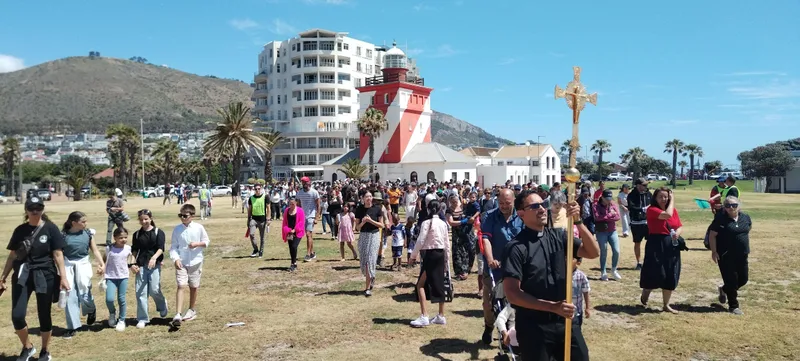 Over 300 pilgrims walk to Our Lady of Good Hope Church for Jubilee year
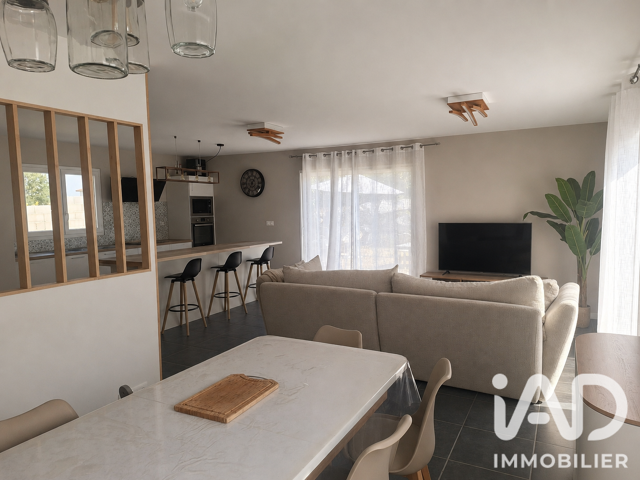 Vente Maison/villa 4 pièces — photo du bien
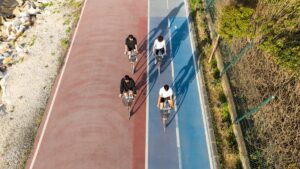 Road Bike vs TT Bike for Triathlon: Which Should You Choose?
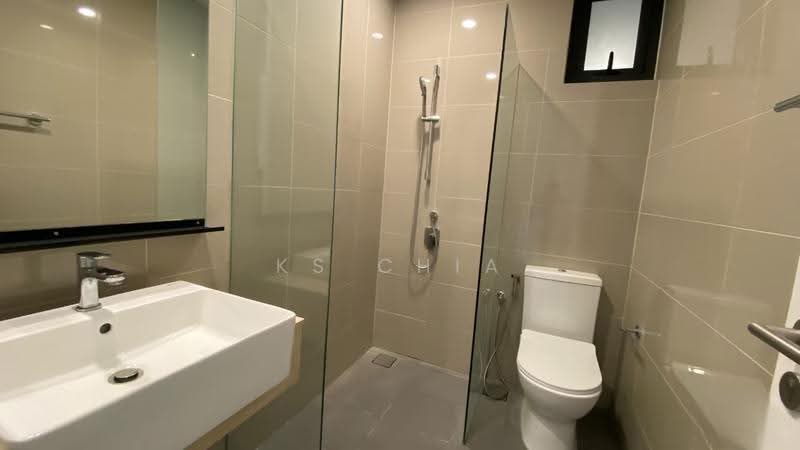 Kediaman Servis untuk Dijual di Aster Green - KS Chia - Bathroom - PropertyGuru.com.my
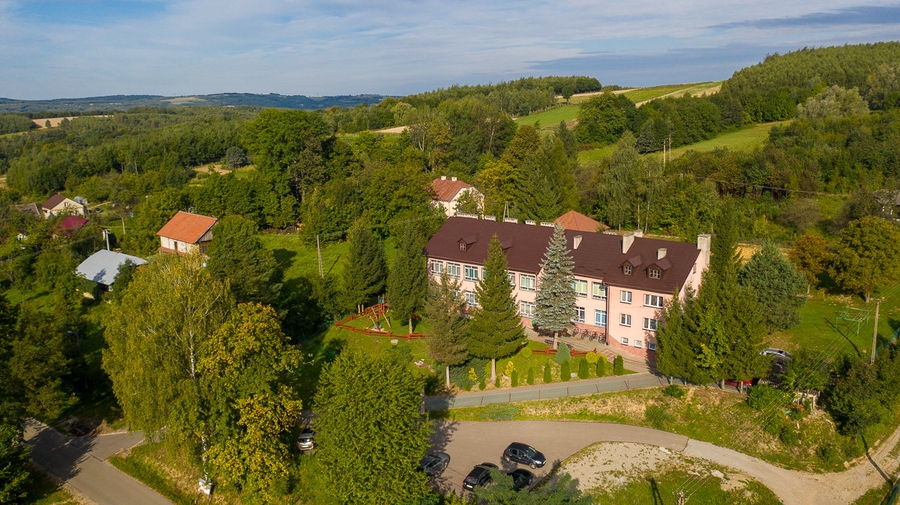 Strona Szkoły Podstawowej im. Krzysztofa Kamila Baczyńskiego w Bliziance - fot. Dawid Mazur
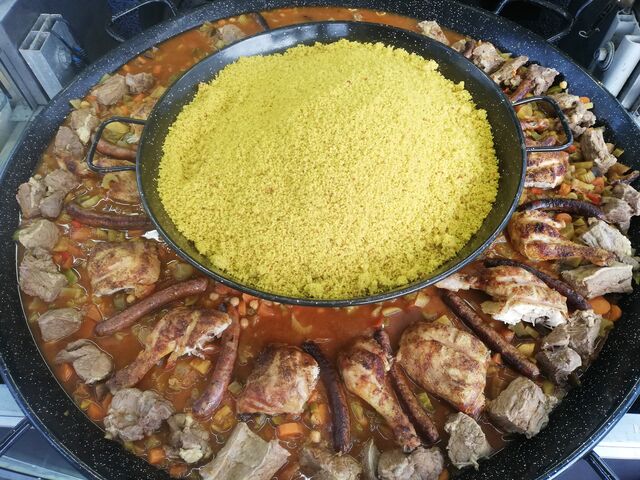 Couscous service traiteur avec pret du matériel pour réchauffer 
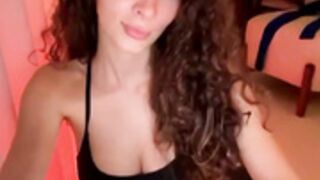 SweetEllie/ElianaCruz cooking stream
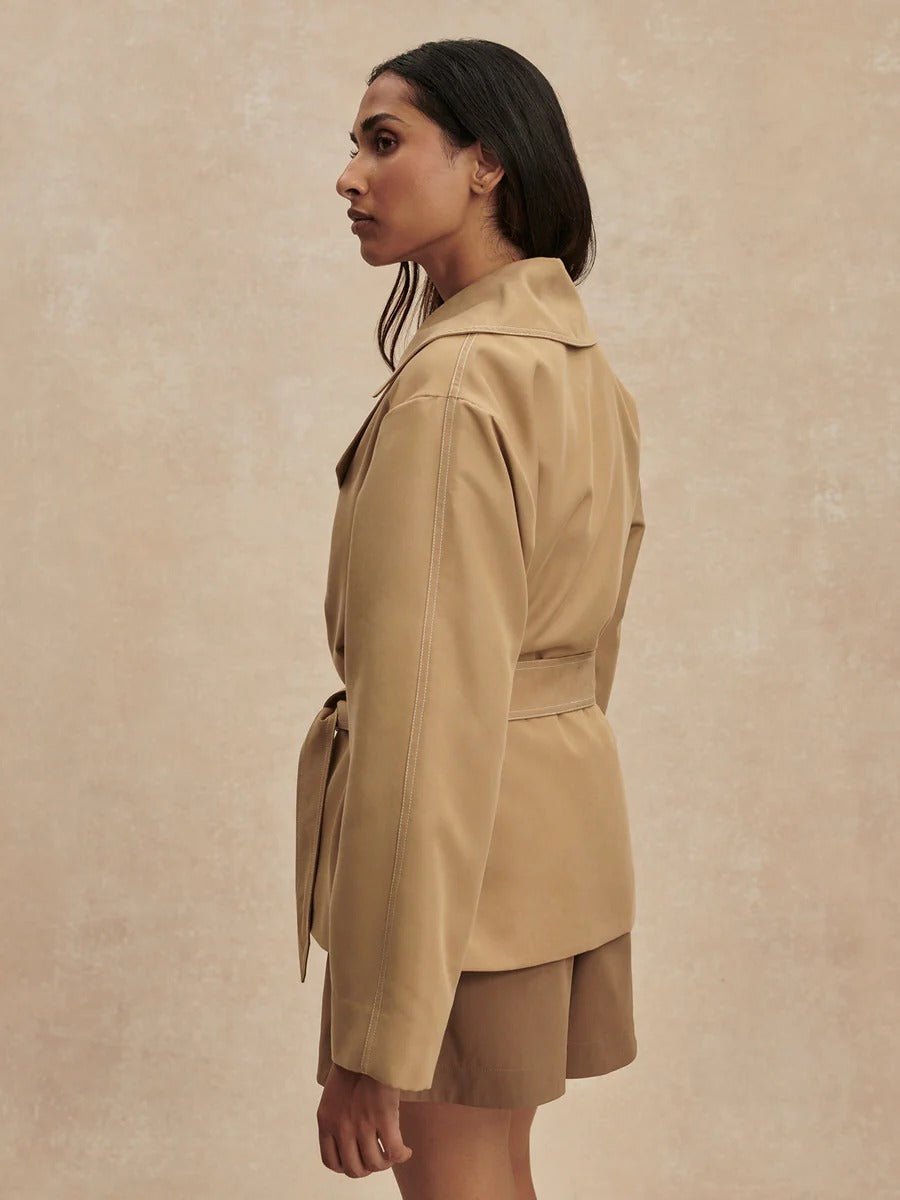 Young Ideas & Henmores -Maddox Short Trench -Light Tan -XS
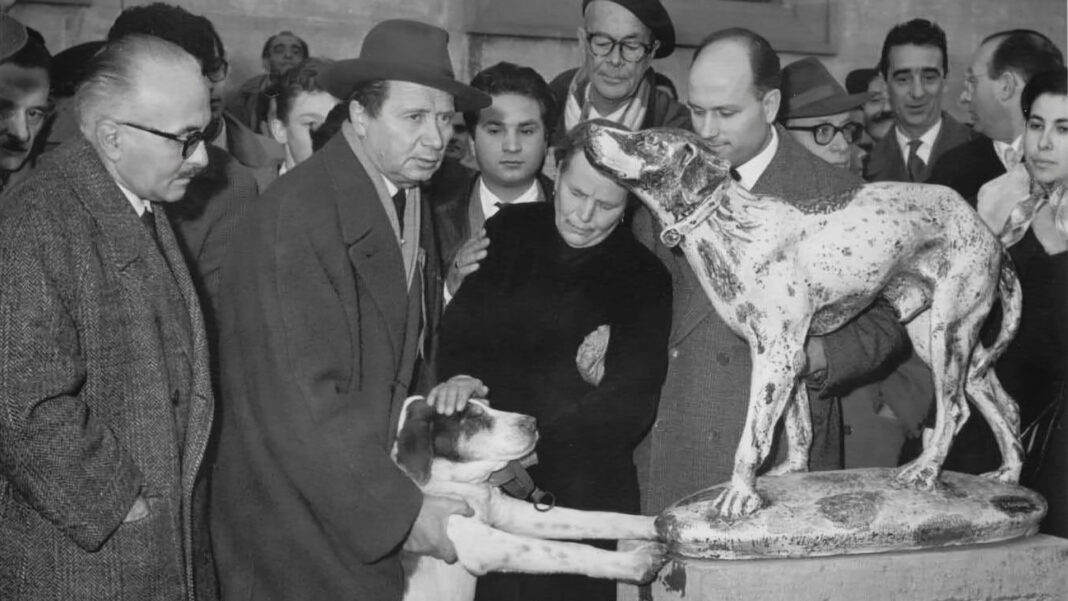 La statua dedicata a Fido a Borgo san Lorenzo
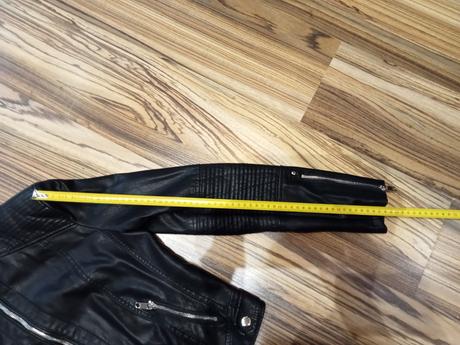 Kozenkova bunda, amisu,m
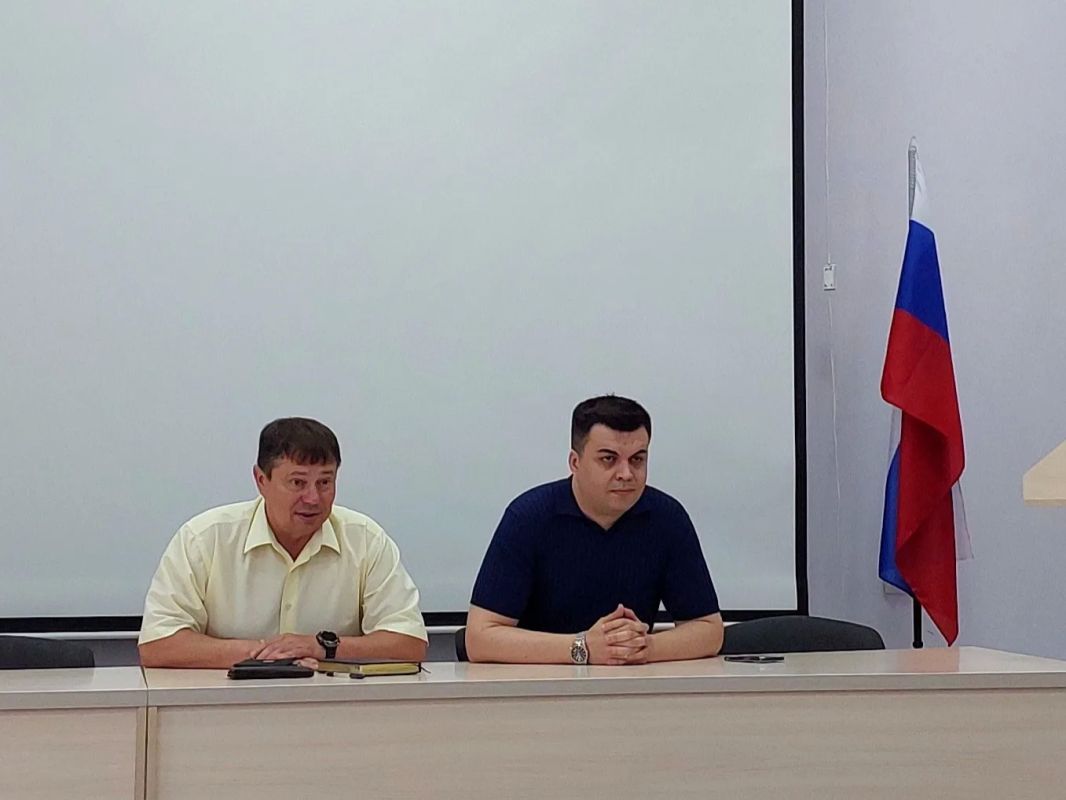 Вчера, 1 июля 2026 года, в актовом зале Администрации Октябрьского района Курской области состоялось важное совещание, посвященное мерам государственной поддержки малых форм хозяйствования в сфере АПК региона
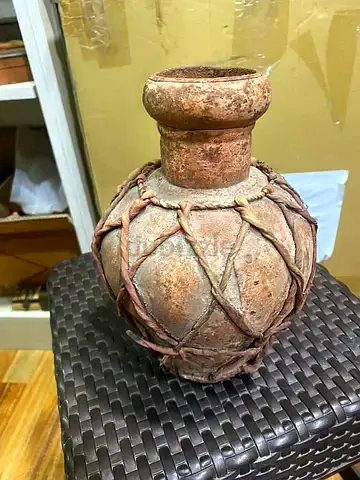 Vintage pot vessel
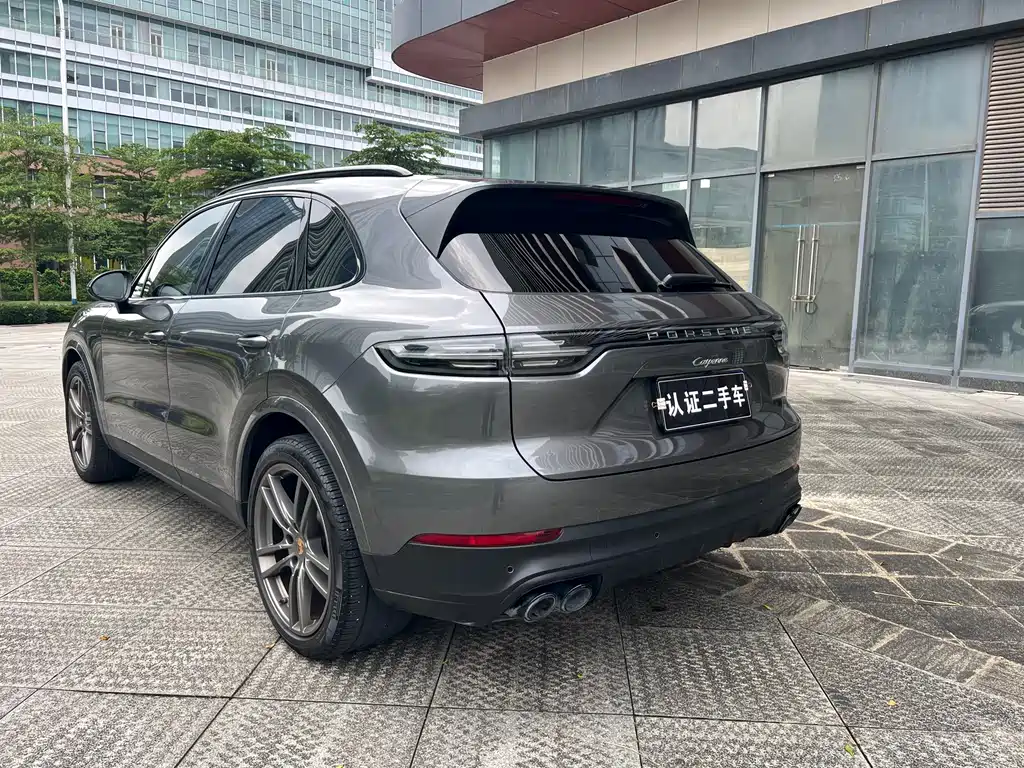 Porsche Cayenne 2021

_THE TASK_.
An exact copy of the records above is required, leaving out the pictures.

_WRITTEN REPLY_.
 Over 300 pilgrims walk to Our Lady of Good Hope Church for Jubilee year
 Vente Maison/villa 4 pièces — photo du bien
 Road Bike vs TT Bike for Triathlon: Which Should You Choose?
 Kediaman Servis untuk Dijual di Aster Green - KS Chia - Bathroom - PropertyGuru.com.my
 Strona Szkoły Podstawowej im. Krzysztofa Kamila Baczyńskiego w Bliziance - fot. Dawid Mazur
 Couscous service traiteur avec pret du matériel pour réchauffer 
 SweetEllie/ElianaCruz cooking stream
 Young Ideas & Henmores -Maddox Short Trench -Light Tan -XS
 La statua dedicata a Fido a Borgo san Lorenzo
 Kozenkova bunda, amisu,m
 Вчера, 1 июля 2026 года, в актовом зале Администрации Октябрьского района Курской области состоялось важное совещание, посвященное мерам государственной поддержки малых форм хозяйствования в сфере АПК региона
 Vintage pot vessel
 Porsche Cayenne 2021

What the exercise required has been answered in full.